Majority of sovereign wealth funds’ alternatives allocation remains in real estate and private equity: report
The bi-annual State Street Global Advisors report considered 34 of the largest sovereign wealth funds, located in 26 different jurisdictions, which as of year-end 2020, have total assets of approximately $8.5 trillion
Sovereign wealth funds (SWFs) will remain a prominent and diverse group of global asset owners, representing unencumbered fiscal resources of host governments invested under a range of different mandates, according to a recent report from State Street Global Advisors (SSGA).
In its latest report, SSGA considered 34 of the largest SWFs, located in 26 different jurisdictions, which as of year-end 2020, have total assets of approximately $8.5 trillion, representing 5 percent of total global markets.
The bi-annual report highlights the key trends witnessed between 2018 and 2020, including overall asset allocation remaining largely stable with equities continuing to be the largest exposure.
The number of SWFs has shrunk due to mergers, underscoring the SSGA’s previous analysis that fund size is a more important predictor of asset allocation than fund origin or other characteristics.
Size enables greater diversification and higher allocations to alternatives, and therefore supports better performance over the long run.
More than half of the sovereign wealth funds’ alternatives allocation was concentrated in real estate and private equity, with SWFs owning roughly 16 percent of global assets under management (AUM) in the latter industry.
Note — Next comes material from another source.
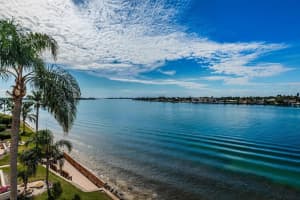 6083 Bahia Del Mar Cir #460, ST PETERSBURG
“Surprisingly, SWF returns are similar to those of public pension funds over the past decade, with SWFs benefiting slightly more during risk-on periods,” the report stated.
Between 2018 and 2020, total SWF assets under management (AUM) grew by an annualised 11.3 percent, as compared to 5.5 percent over the previous time period.
Sovereign wealth funds in the Middle East
State Street Global Advisors’ analysis of sovereign wealth funds has consciously focused on the largest sovereign wealth funds as they exhibit long-term trends and benefit from the classic characteristics of no explicit liabilities and a diversified international asset pool, in contrast to newer funds whose original portfolio may be state-owned enterprises.
This long-term trend shows that SWFs are approaching an equilibrium strategic asset allocation, with any increased alternatives exposure constrained by liquidity needs as well as market supply.
Furthermore, any major shifts in the global economy such as a commodity cycle or geopolitical shifts in the balance of payments surpluses are likely to be mirrored in SWF asset allocation strategies going forward, the report concluded.